If we want to champion human rights abroad, we cannot undermine them at home.
If we want to champion human rights abroad, we cannot undermine them at home
If I had to commend the Tories on one element of their agenda since 2010, it would have to be the Preventing Sexual Violence Initiative championed by William Hague. Culminating in the successful Global Summit to End Sexual Violence in Conflict in June this year, the initiative rallied countries across the world to the cause of tackling violence against women.
Indeed, the world has come together under Britain’s leadership to sign a Declaration of Commitment to End Sexual Violence in Conflict.
It was a proud moment. It was also a surprising one. Who ever expected the Tories would emerge as champions of women’s rights on the global stage? Isn’t Tory foreign policy only supposed to be about naked self-interest – security and trade?
Yet the ending sexual violence in conflict agenda was almost as progressive as Tony Blair wiping away third world debt.
Of course, we shouldn’t ignore the transgressions – the idea of selling Eurofighters to Bahrain just as they were imprisoning and torturing hundreds of human rights activists, and the on-going relationship with Saudi Arabia are just two examples. It’s clear that too often British foreign policy under the Tories is just a ‘global race’ to the bottom.
But credit where credit’s due – the Preventing Sexual Violence Initiative was a bold and very prominent exception.
The problem is, doesn’t it undermine the message of championing human rights abroad if we’re trying to curtail them here at home? How can the British government credibly convince other countries to do more to protect women’s rights if we’re planning on stripping away laws that help tackle rape and domestic abuse in the UK?
This is precisely what the Tories are proposing when they pledge to repeal the Human Rights Act and threaten to pull out of the European Convention on Human Rights.
At this year’s Labour Conference we’ll be co-hosting a fringe with Amnesty International. The full details are here for those who are going to Manchester. The theme will be consistency and human rights, exploring the link between the Human Rights Act here at home and our diplomacy abroad.
Sadiq Khan and Kerry McCarthy will discuss the connection from the home affairs/justice and foreign affairs angles respectively, with Amnesty International UK Director Kate Allen, Richard Hermer QC, and Richard Howitt MEP all adding to the discussion. We expect Sadiq Khan and Kerry McCarthy will make a point of saying that other countries will only take what we say about human rights seriously if we can also apply it to ourselves.
This issue is going to become more and more important. The ascendancy of the global liberal order, underpinned by unmatched Western power, is over. Russia is resurgent. China is getting stronger each year. India, Indonesia, Brazil, Nigeria, Mexico, South Africa and a host of other countries are emerging as regional or even global powers.

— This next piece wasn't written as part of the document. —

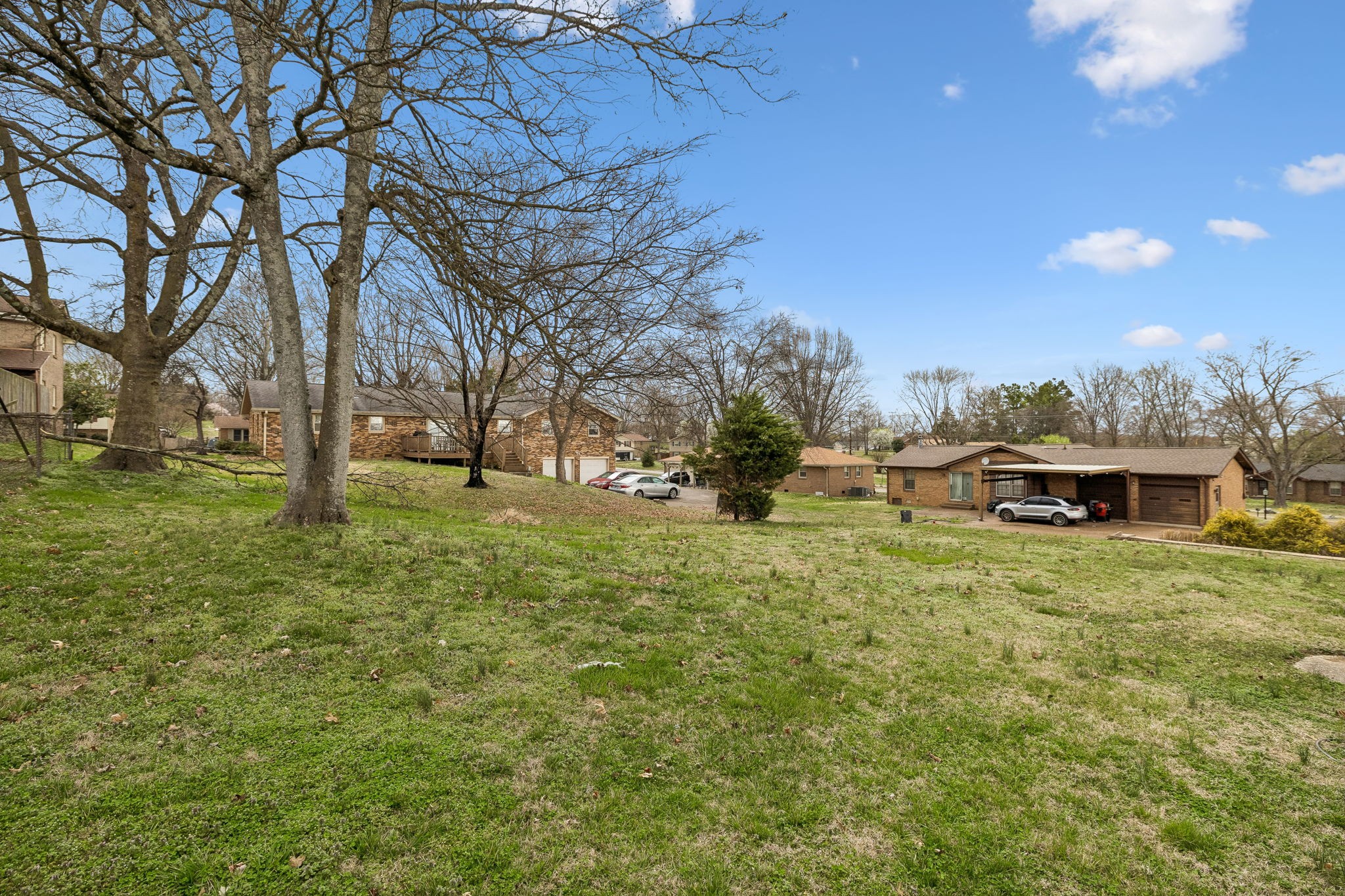 171 New Shackle Island Road Hendersonville, TN 37075 - Photo 42 of 48 a front view of a house with a yard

The need for British leadership on human rights remains, but as the world changes the assumptions that once made it easy for us to give lectures are starting to be challenged. Put simply, it’s going to get harder to tell countries like China and India to respect human rights.
And yet we must. So we have to do all we can to ensure that message is credible and built on a foundation of consistency and integrity. The most counter-productive thing we can do is strip away our human rights protections here and leave ourselves open to the accusation that it’s one rule for us, and another for everybody else.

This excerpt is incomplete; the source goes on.